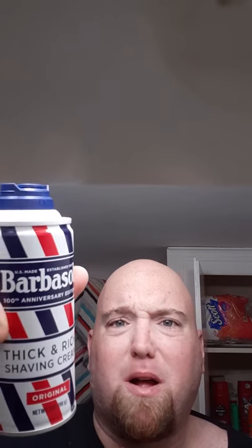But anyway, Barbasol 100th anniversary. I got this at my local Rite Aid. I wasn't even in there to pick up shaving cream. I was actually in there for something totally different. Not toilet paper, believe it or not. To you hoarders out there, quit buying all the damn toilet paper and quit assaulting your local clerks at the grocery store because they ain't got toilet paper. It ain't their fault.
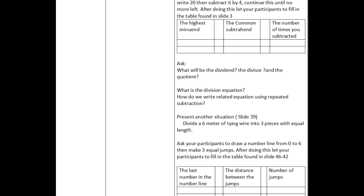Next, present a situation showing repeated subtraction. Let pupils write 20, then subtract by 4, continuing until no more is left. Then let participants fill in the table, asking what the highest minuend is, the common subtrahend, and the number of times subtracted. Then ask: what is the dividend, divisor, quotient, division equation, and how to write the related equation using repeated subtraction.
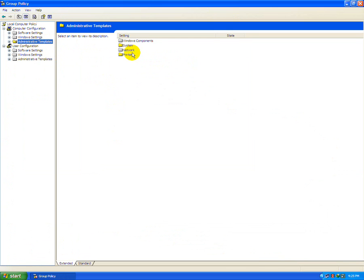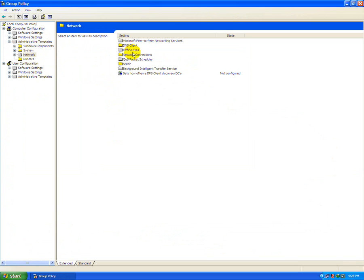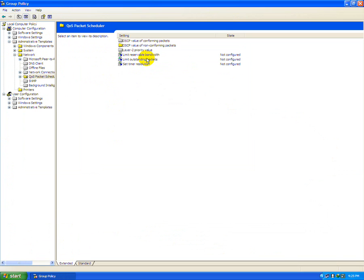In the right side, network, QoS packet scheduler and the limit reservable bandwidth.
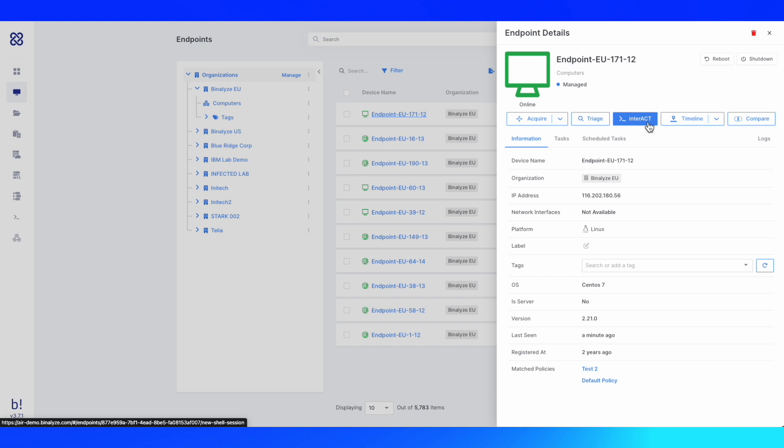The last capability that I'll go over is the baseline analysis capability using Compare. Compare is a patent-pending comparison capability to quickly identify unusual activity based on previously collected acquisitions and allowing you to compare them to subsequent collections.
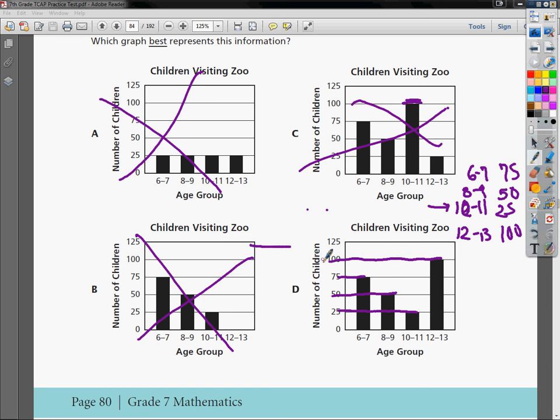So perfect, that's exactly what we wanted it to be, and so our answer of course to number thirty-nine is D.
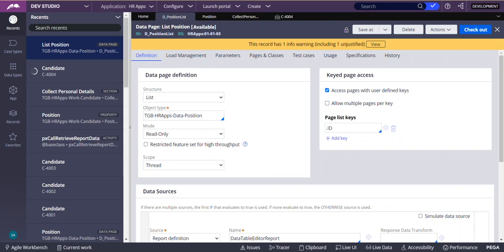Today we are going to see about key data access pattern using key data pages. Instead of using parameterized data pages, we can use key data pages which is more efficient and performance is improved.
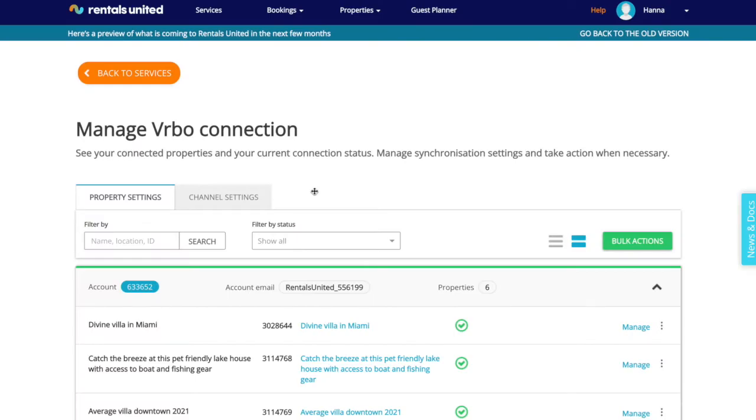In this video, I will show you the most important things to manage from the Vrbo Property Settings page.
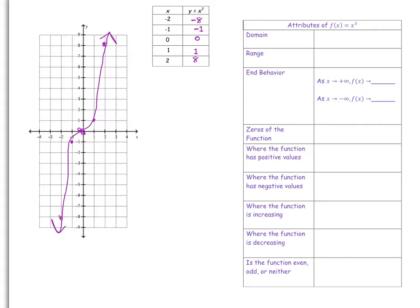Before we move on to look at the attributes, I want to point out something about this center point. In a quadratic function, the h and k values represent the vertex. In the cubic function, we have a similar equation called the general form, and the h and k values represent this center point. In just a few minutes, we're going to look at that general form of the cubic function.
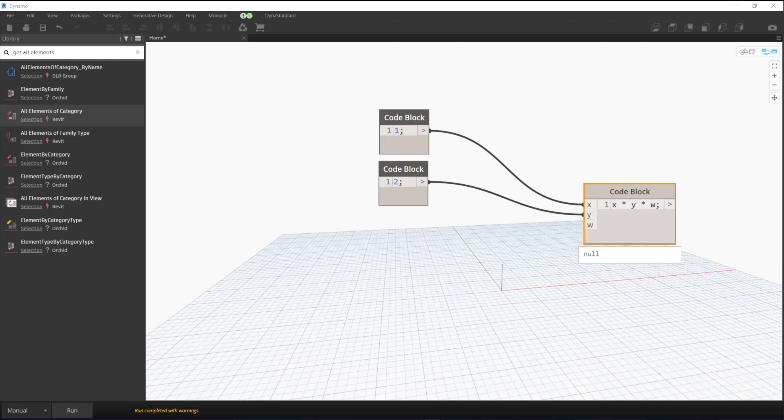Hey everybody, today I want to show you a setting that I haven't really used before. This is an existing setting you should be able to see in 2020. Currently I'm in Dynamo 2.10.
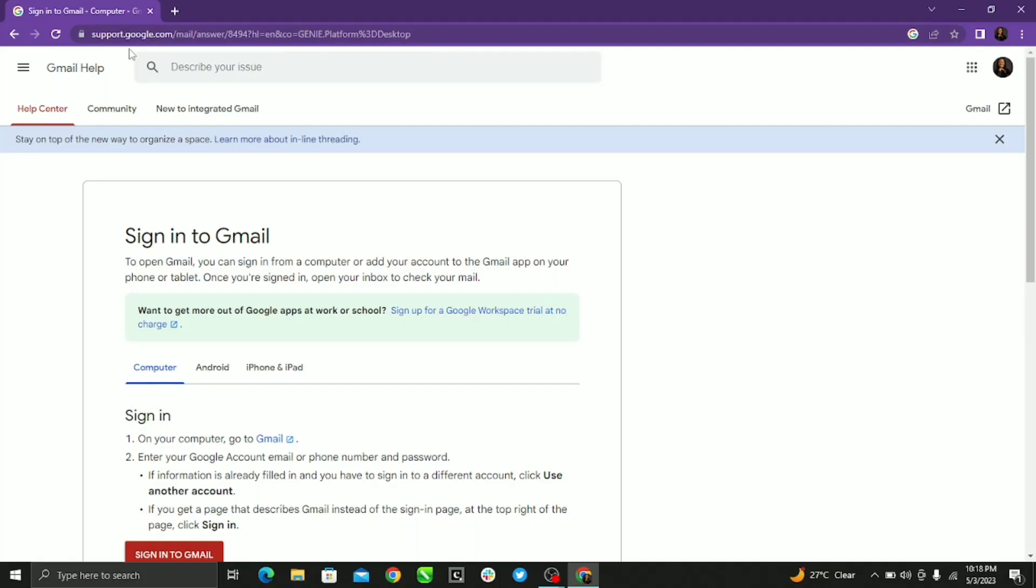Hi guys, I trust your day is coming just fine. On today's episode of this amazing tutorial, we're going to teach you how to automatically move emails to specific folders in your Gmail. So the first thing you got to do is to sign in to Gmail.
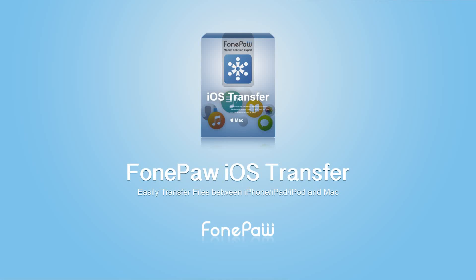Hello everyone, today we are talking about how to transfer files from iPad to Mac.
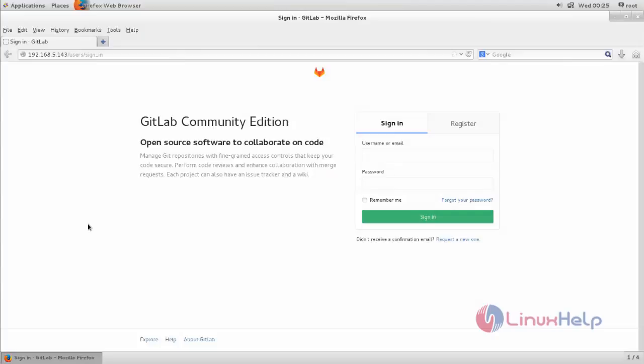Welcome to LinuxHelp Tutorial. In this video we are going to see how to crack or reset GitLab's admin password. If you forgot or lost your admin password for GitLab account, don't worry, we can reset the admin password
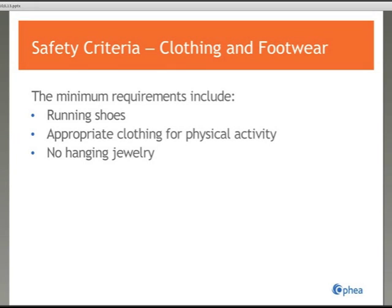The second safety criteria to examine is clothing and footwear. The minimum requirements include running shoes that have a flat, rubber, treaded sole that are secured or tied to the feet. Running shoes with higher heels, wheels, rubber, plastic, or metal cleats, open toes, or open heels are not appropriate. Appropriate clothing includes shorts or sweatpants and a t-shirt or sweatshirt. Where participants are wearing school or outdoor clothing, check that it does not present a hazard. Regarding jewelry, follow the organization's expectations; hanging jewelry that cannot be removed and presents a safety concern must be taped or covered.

***

* TRY IT *
Go to the line above that contains "Hey everybody, today" and reproduce everything exactly from there through the line that contains "Hello everyone, today", leaving out the pictures.

* TASK RESULT *
Hey everybody, today I want to show you a setting that I haven't really used before. This is an existing setting you should be able to see in 2020. Currently I'm in Dynamo 2.10.
Hi guys, I trust your day is coming just fine. On today's episode of this amazing tutorial, we're going to teach you how to automatically move emails to specific folders in your Gmail. So the first thing you got to do is to sign in to Gmail.
Hello everyone, today we are talking about how to transfer files from iPad to Mac.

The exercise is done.